Time to hold prelates accountable at the Vatican, too
John Allen of Crux remarks that if the universal Church seeks to make prelates accountable, it’s unfortunate that Cardinal Angelo Sodano, who has a deserved reputation for trying to protect abusers and conceal evidence remains the Dean of the College of Cardinals. To be fair, Allen was asking the same question back in 2011—as was Edward Pentin, in Catholic World Report. And I myself have asked the question again and again and again and again and again and again.
Since Cardinal Sodano is now more than 90 years old, it would seem a natural thing to announce his resignation. In June, Pope Francis announced that four more cardinals would have be given all the privileges of cardinal-bishops—from whose ranks the dean is chosen. That might have been an opportune time to name a new dean. Still Cardinal Sodano, the former Secretary of State, retains his title.

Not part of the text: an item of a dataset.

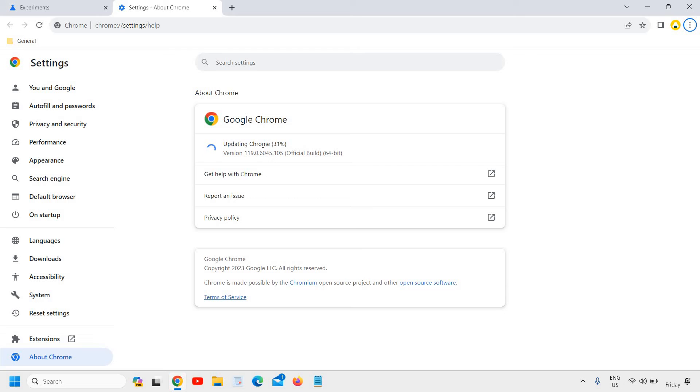We are doing two things right here: updating Google Chrome and also enabling smooth scrolling on Google Chrome.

And while we’re on the subject… Pope Francis created the Council of Cardinals in April 2013, and named the original eight members of the group to 5-year terms. A quick mathematical calculation shows that those terms expired in April of this year. Again, it would have been a convenient time to replace any cardinals who had been tainted by scandal. Four of those eight cardinals have now been accused, rightly or wrongly, of either engaging in sexual abuse or covering up the evidence of abuse. Three of those four have passed the age of 75, the normative retirement age for active bishops, so in their cases there were two handy reasons for replacing them. But all four remain in place.
If Pope Francis wants to send a clear message, the opportunities are still open. On the other hand, if all these cardinals remain in place—when it would have been so easy to replace them—that sends a message, too.